9 web design trends unfolding in 2014


With 2014 well underway, I wanted to share with you some thoughts, predictions, theories and flat-out guesses as to what we have to look forward to in the world of web design in the coming months:


More and more, desktop sites are resembling mobile experiences: “Below the fold” has little meaning these days, as most users are very comfortable sliding down to view content, and drawer-style, slide-down and burger navicons are everywhere on the desktop. These are just a few of the ways that mobile browsing is now dominating our design patterns, and desktop UI’s are playing catching up.


Slate’s desktop site eschews traditional navigation in favor of the burger navicon, freeing up more space for content


Take your site’s visitors on a journey. Tell them a story. Browsing experiences are making it easier for designers to create truly compelling experiences. Motion is everywhere. Video is integrated into designs. Parallax is practically mainstream. Designers are creating more and more engaging, cinematic websites that are giving their users a more narrative, cinematic experience when web browsing, and users are growing to expect it.



Of course “flat” design is here to stay: made official by Apple’s adoption of it for iOS7 this past fall, flat simply makes sense, especially in a multi-device browsing world. It allows the UI to be unobtrusive and lets the content really shine. However, I expect to be seeing more texture, detail & warmth creeping back into websites. Designers have embraced the look of “flat”, but are finding subtle ways, through photography, texture and illustrative elements, to add depth and character and make flat layouts feel, well, not-so-flat.


Harry’s blends beautiful photography with subtile textures and patterns to make a very flat layout feel warm and authentic.



1-page websites are becoming more rich and robust, and often carry as much weight and content as a more ‘traditional’, multi-page site.

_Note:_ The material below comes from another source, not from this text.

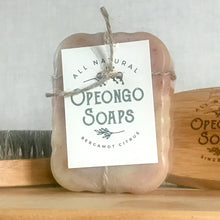 Load image into Gallery viewer, Bergamot Citrus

More and more often, we’re finding that a one-page website is a perfect solution for our clients needs. When the message is short, direct and clear, there’s often no better solution.


Visit One Page Love for a showcase of some amazing, navigationally-challenged websites.



SVG have been around for awhile, but no support in older browsers (Hello, IE8) prevented many of us from using them. Now that we’re moving far enough away from those days, and icon fonts are making their way into designs, more resolution-independent images are populating websites in place of traditional bitmaps, meaning more and more sharp, scalable graphics are populating websites.

This is even more important now that Apple’s retina display offers pixel densities greater than 72 PPI (anywhere from 220 – 326 PPI currently); the concept of “web resolution” is going to need to be re-calibrated, and the use of resolution-independent vector graphics is going to continue increase in 2014.


Font Awesome’s icon fonts are, well, awesome.


The rare trend that you can point back towards Microsoft, at least for helping to popularize it, tiles & masonry layouts let designers present a lot of content in efficient, flexible patterns & grids. This fits well with more content-rich sites where different content is bundled or “bucketed” and fit within either clean, orderly grids or the more interlocking patterns of masonry layouts.



Few elements can convey so much with so little in a layout as fonts do. Designers are really beginning to treat web typography with the same attention that print designers have in the past: CSS has given us the tools we need to really control & style fonts with precision & care, and web fonts have opened up thousands of fonts that were previously unavailable to web design.



The natural progression from full-screen photography that has dominated the past 3 or 4 years, full-screen videos, when done well, can create a beautiful, immersive effect that strengthens a narrative, creates a context, or deepens an experience. And it’s a really nifty effect. Expect to see video integrated directly into designs in more and more creative ways throughout ‘14.



Well not quite yet, but 2014 will definitely see the “internet of things” really start to impact our day to day lives. No longer relegated to devices & browsers, the interwebs are in our pockets, on our wrists, cars, thermostats, appliances, toothbrushes, dog collars, etc. Designers and developers will be challenged with new places to create user experiences that have never been attempted before, and that’s an exciting (if not a bit scary) place for us to be.